Please write the listing below out again exactly, leaving every picture behind.

> _SUPPLIED MATERIAL_
################

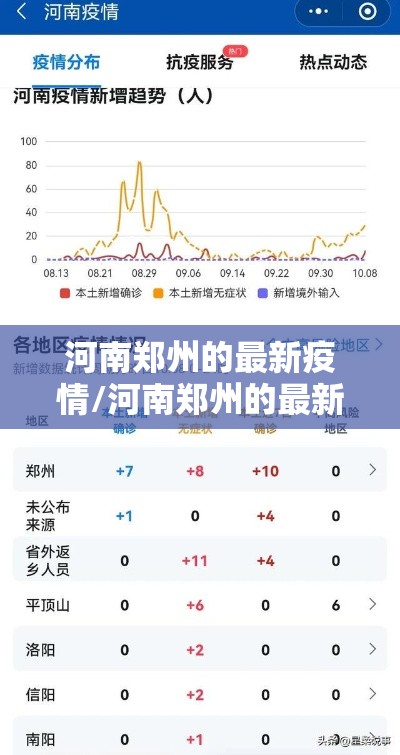 河南郑州的最新疫情/河南郑州的最新疫情通报 河南郑州的最新疫情/河南郑州的最新疫情通报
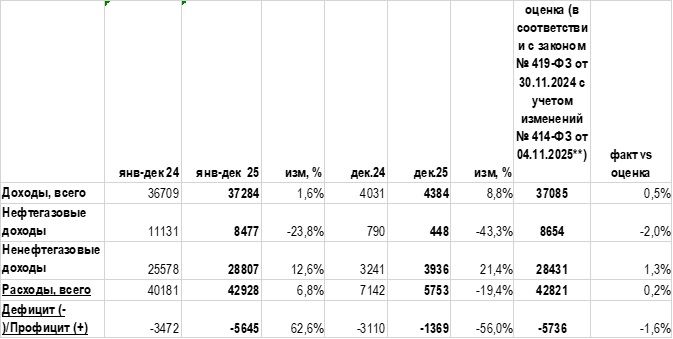 Бюджет за 2025 год – Минфин «уложился» в план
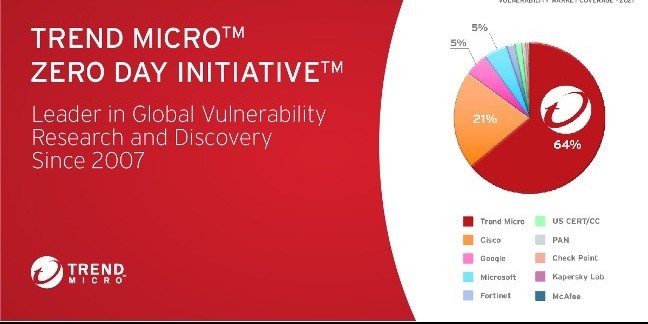 Photo of Het Zero Day-initiatief van Trend Micro vindt wereldwijd de meeste kwetsbaarheden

################

> _SOLVED PROBLEM_
 河南郑州的最新疫情/河南郑州的最新疫情通报 河南郑州的最新疫情/河南郑州的最新疫情通报
 Бюджет за 2025 год – Минфин «уложился» в план
 Photo of Het Zero Day-initiatief van Trend Micro vindt wereldwijd de meeste kwetsbaarheden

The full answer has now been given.